Conventional shoulder replacement or “total shoulder arthroplasty” is usually performed with a metal humeral implant with a stem and a ball after resecting the arthritic ball side of the joint and a plastic socket or cup that is cemented in after reaming down the arthritic socket. This total shoulder replacement surgery has had consistent results of good pain relief and functional increases performed for end stage osteoarthritis. Longevity has been reported to be from 15-20 years with a survival rate of 84-95 percent. However, a shoulder replacement is typically performed on patients greater than 60 years old with severe glenohumeral arthritis who have failed conservative care with ongoing pain and functional deficits. These patients are usually lower demand.

Figures A and B: Radiographic views of a shoulder with severe glenohumeral arthritis before (left) and after (right) a conventional total shoulder arthroplasty with a metal ball and stem on the humeral side and a cemented plastic socket. 

Figures C and D: Intra-operative surgical pictures of the deformed arthritic ball of the humerus on the left and after resection of the ball and implantation of trial stem or broach on the right.

Figures E and F: Intra-operative pictures of the glenoid or socket. On the left with exposure of the arthritic socket and on the right after preparation with reamers and drilling holes for the implant.

Figures G and H: Intraoperative pictures of the cemented plastic socket on the left and impacted metal humeral head on the stem on the right.

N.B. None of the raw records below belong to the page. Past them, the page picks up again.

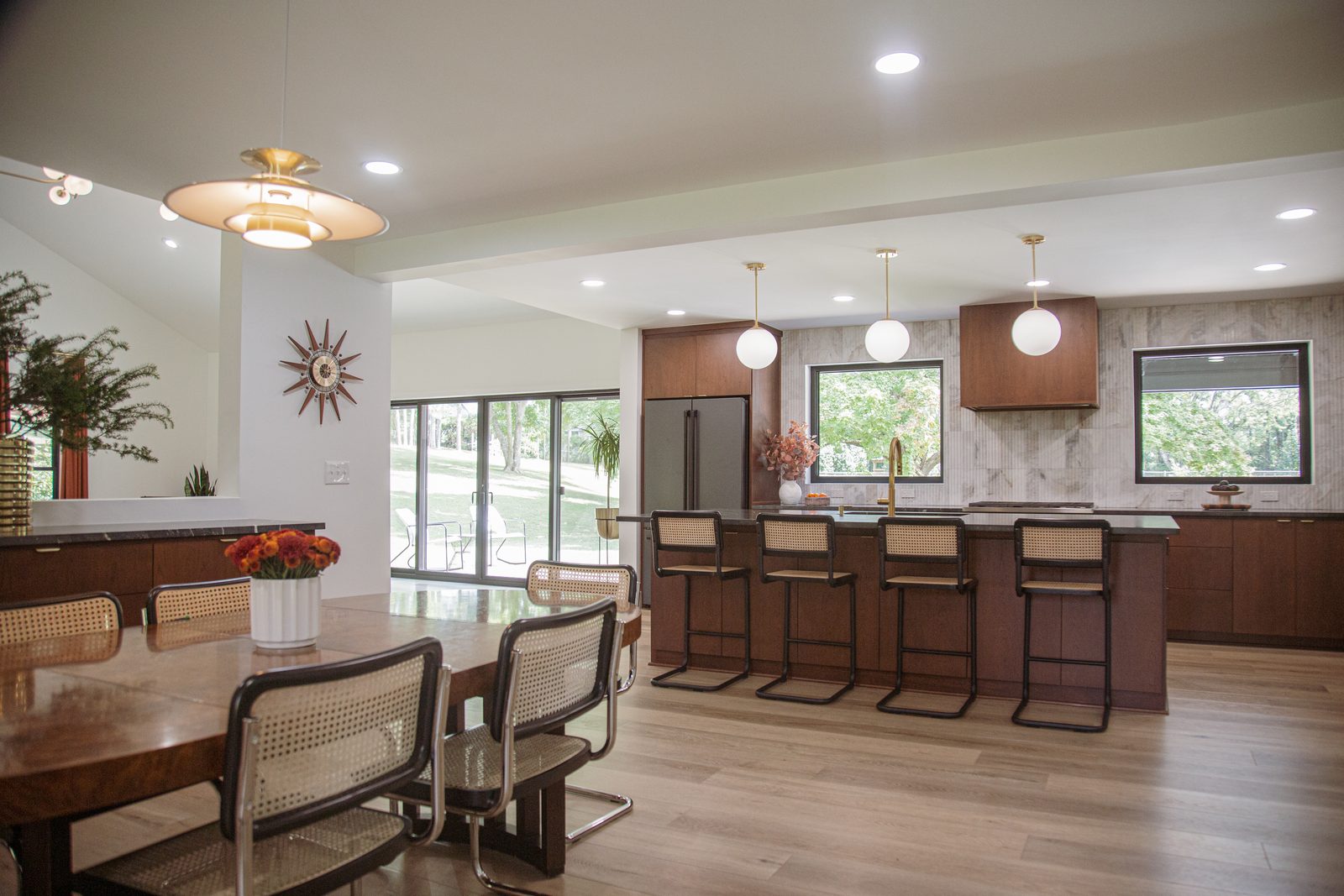 Mid-century modern kitchen and dining room with walnut cabinetry and globe pendants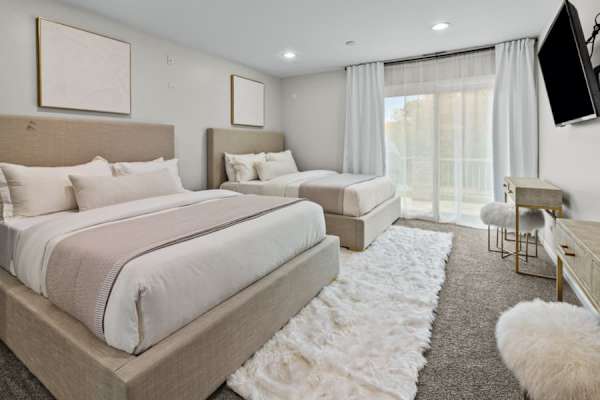 Retreat to the comfort of Bedroom #2, where two queen beds await to provide a restful haven for family or friends.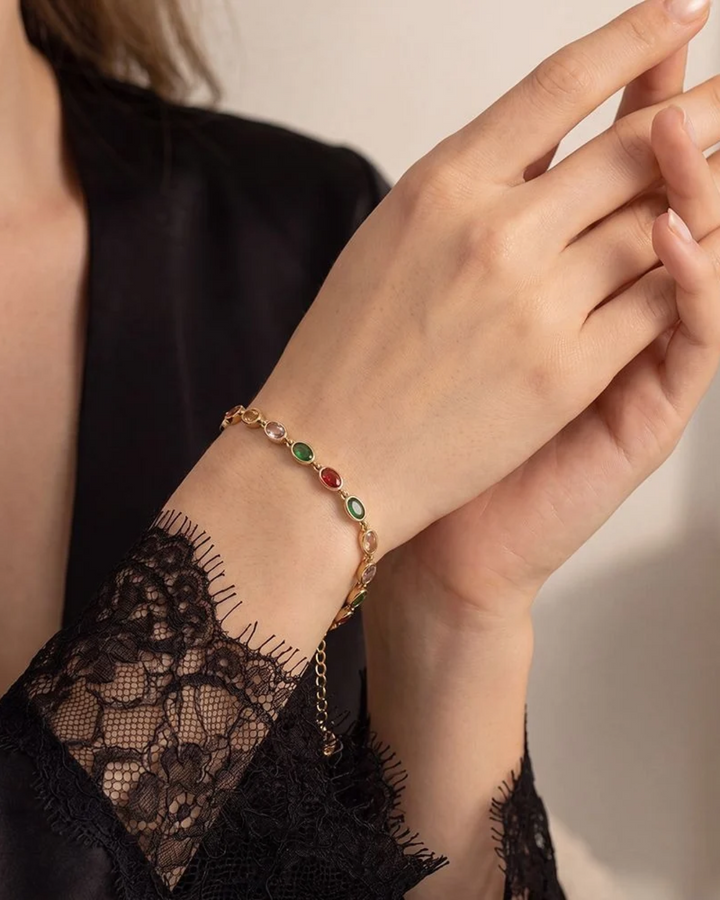 Armband mit bunten Steinen von Dottilove getragen von einer Frau mit schwarzen Oberteil. Das Armband selbst ist gold mit bunten Steinen in grün, rot lila und gelb.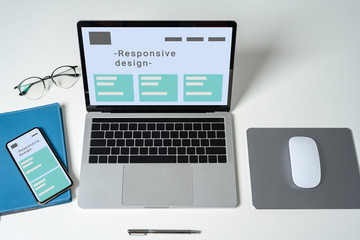 Responsive web design on laptop, tablet computer and mobile phone with clipping path from above..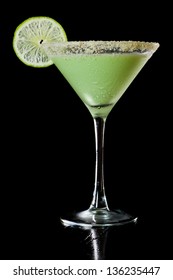 Key Lime Martini Isolated On A Black Background, Gram Cracker Rim And Lime Wheel Garnish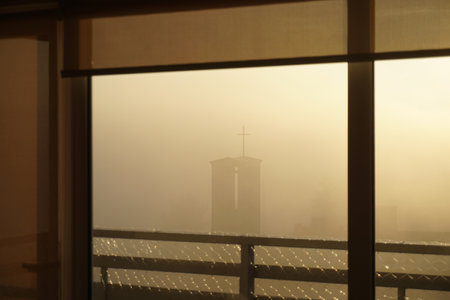 Morning mist in the window of the churchの写真素材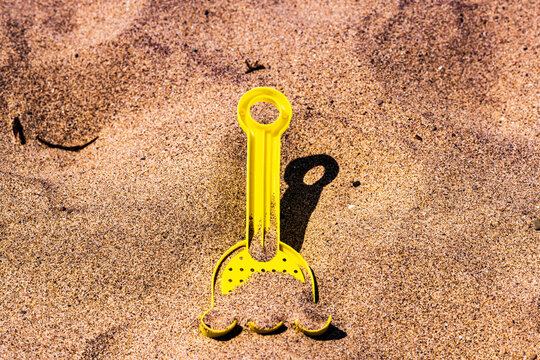 A child's yellow plastic toy shovel found on Toronto's Woodbine Beach.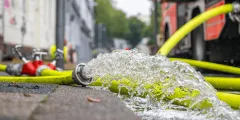 LöRüRl: Nahaufnahme eines leuchtend gelben Feuerwehrschlauchs, aus dessen Metallkupplung auf einer Straße kräftig Wasser austritt; im unscharfen Hintergrund steht ein Feuerwehrfahrzeug.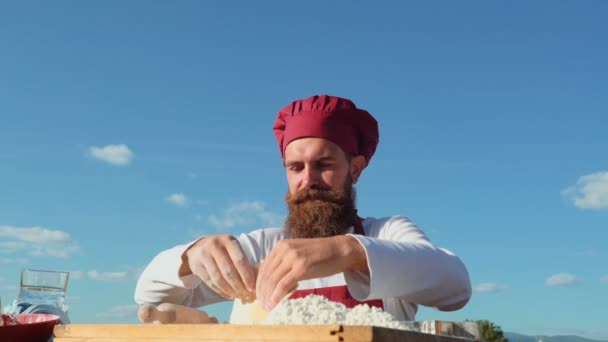 Bärtiger Koch, der an frischer Luft kocht. Bäcker beim Brotbacken. Bäcker knetet den Teig — Stockvideo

What if a patient is much younger, perhaps in his or her 30’s, 40’s or 50’s, highly functioning, or even athletic and wants to continue his or her current activity level? Even those over 60 years old may have a high level of function or be involved in athletic activity and not a good candidate for a conventional total shoulder replacement. Why is this? With a conventional shoulder replacement, there is more bone taken or resected on the humeral or ball side. This can be an issue with younger patients that would need another surgery in the future to revise the shoulder replacement if they “wear it out.” There would be less bone available for the next surgery, and eventually another replacement may not be possible. On the glenoid or socket side, the patient’s high activity levels have the potential to loosen the conventional cemented component. Also, the results of a revision surgery are usually not as good as the first primary surgery. This is why there are different “alternatives” being performed and developed for those who are not ideal candidates for a conventional total shoulder arthroplasty. These options include Arthroscopic Biologic Total Shoulder Resurfacing (ABTSR), Humeral Head Resurfacing (HHR) and Glenoid Resurfacing (GR). These options can also include a combination of these procedures based on the patient’s age, activity level, and expectations. Some of these techniques are newer and do not have long-term studies or outcomes, but short-term results are promising. Below is a review of these options.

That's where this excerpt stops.